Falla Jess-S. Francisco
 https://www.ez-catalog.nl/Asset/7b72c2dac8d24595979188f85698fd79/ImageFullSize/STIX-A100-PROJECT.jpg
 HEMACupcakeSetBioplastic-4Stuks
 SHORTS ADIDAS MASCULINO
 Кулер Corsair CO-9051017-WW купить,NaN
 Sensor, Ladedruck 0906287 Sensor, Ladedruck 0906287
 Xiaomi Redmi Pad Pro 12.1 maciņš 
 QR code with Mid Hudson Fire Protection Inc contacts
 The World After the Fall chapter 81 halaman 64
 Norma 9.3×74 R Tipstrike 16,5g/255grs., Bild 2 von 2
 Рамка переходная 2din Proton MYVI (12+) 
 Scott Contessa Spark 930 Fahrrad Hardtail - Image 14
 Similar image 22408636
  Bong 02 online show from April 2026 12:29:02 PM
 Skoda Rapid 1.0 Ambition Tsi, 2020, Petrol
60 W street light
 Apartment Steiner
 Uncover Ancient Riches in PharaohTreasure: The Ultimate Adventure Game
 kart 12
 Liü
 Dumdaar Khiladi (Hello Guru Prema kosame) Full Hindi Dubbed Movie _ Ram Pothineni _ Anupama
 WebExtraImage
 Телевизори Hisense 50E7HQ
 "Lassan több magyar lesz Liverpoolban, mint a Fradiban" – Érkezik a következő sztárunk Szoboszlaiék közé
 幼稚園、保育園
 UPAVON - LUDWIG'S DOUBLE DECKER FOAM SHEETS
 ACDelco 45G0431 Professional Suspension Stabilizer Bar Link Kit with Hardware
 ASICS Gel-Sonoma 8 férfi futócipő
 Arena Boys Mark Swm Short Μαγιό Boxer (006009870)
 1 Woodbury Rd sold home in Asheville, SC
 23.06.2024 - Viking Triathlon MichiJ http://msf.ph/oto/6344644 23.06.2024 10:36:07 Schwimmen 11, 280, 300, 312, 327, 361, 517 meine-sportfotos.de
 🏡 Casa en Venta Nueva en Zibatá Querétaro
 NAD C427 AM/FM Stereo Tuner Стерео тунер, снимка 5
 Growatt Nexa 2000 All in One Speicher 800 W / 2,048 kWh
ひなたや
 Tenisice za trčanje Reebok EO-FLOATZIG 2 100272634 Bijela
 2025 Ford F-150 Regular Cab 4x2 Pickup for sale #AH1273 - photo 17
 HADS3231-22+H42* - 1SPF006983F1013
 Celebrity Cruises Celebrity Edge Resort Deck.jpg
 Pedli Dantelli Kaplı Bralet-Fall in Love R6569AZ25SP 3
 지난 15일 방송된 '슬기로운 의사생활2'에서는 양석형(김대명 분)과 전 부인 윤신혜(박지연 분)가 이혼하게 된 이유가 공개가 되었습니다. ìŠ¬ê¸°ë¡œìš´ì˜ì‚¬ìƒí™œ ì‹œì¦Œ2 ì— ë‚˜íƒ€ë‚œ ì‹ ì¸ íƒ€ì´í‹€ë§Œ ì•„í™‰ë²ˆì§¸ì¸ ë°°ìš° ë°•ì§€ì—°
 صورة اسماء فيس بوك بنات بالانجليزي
★ ★ ★ ★ ★
• [Exercise description] Copy every line above in which the string "with" shows up.

• [Result of this task]
 QR code with Mid Hudson Fire Protection Inc contacts
 ACDelco 45G0431 Professional Suspension Stabilizer Bar Link Kit with Hardware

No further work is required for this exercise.